An Earth Day column
Everyone wants me to celebrate Earth Day. My inbox is full of green mail—no trees were harmed in the making—urging me to buy shoes and cosmetics, go to a yoga retreat and help Robert Redford rally the American people. Of all these, I’m most likely to buy shoes, but I’m not deluded that it will help the earth.
One of my earliest efforts to rescue the planet ended in an emergency room in Manhattan, tending to my big brother Chris, who had broken his nose doing chin-ups on a tree near Central Park’s Sheep Meadow. Maybe it was Earth’s revenge. That was at the great Easter Be-In, the precursor to what we now know as Earth Day. Hippies were ahead of the curve in saving the earth. (They did it by smoking the weeds.)
My editor encouraged me to write an Earth Day column, perhaps thinking it would be earnest and heartfelt. Poetic. But this year, with the earth’s axis tilting after the Japan earthquake, I’m a little cynical that my shopping-for-the-environment plan is going to work out well for anyone. Although I do need a new pair of shoes for my niece Abby’s spring wedding.

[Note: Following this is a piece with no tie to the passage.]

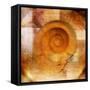 Snail Shell and Handwriting-Colin Anderson-Framed Stretched Canvas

The wedding is in California, and instead of paying to offset our carbon footprint for air travel, my daughter and I are driving across the country. Hold the cards and letters, readers, we’re driving the Prius. I was going to drive the minivan, thinking we could bunk down in the back instead of at a Motel 6 along the way. But Andrew Revkin convinced me to take the Prius. Revkin is an environmentalist who writes for The Times’ Dot Earth blog. He’s also a certified MacArthur Genius who is known for warning that by 2050 or so, the earth’s population will reach 9 billion. And you thought the traffic on Route 17 was heavy now.
Like me, Revkin drives a Prius and a minivan. He’s no saint, mind you. Sometimes he even drinks orange juice that has had to travel 1,000 miles to his breakfast table. But this genius knows enough to drive the Prius on long trips and save the minivan for trips to the dump.

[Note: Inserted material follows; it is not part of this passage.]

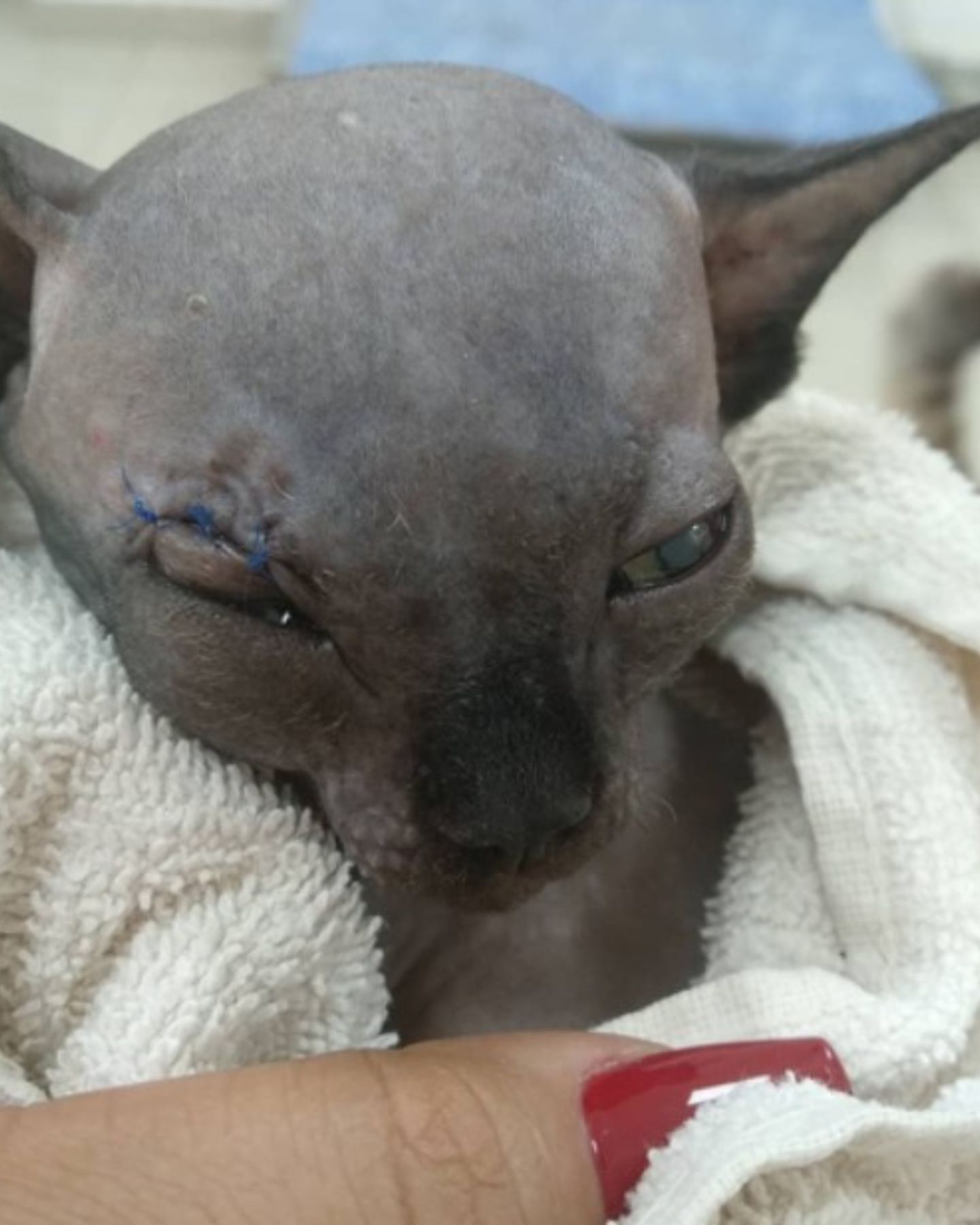 injured sphynx kitten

Still, I was looking forward to the idea—if not the reality—of sleeping in the blue van in National Parks in Tennessee and Illinois and California in May. I figured the extra money we would spend on gas would be saved in motel bills. Then I remembered my carbon footprint. If I really cared about my impact on our planet, I should just stay home and send the happy couple a gift certificate to a farmer’s market via email.
But a girl’s gotta live. And a cross-country road trip is something I’ve always dreamed of. I had planned to do it 40 years ago in my little Karmann Ghia, when gas prices were 36 cents a gallon, but life got in the way. Now I have a grown daughter and gas is $3.99 and rising. We are still planning to stay in National Parks along the way. We have a reservation at the Donley cabin in Tennessee. It’s a primitive cabin without electricity or running water, but I think we’ll manage for a night.
So this trip is not going to save anything. I’ll still need those shoes, some make-up and maybe a yoga retreat after all that driving. I’m even thinking of helping Robert Redford out. And now at least my editor will be happy. I’ve written an Earth Day column. Happy Earth Day, everyone. Do your best.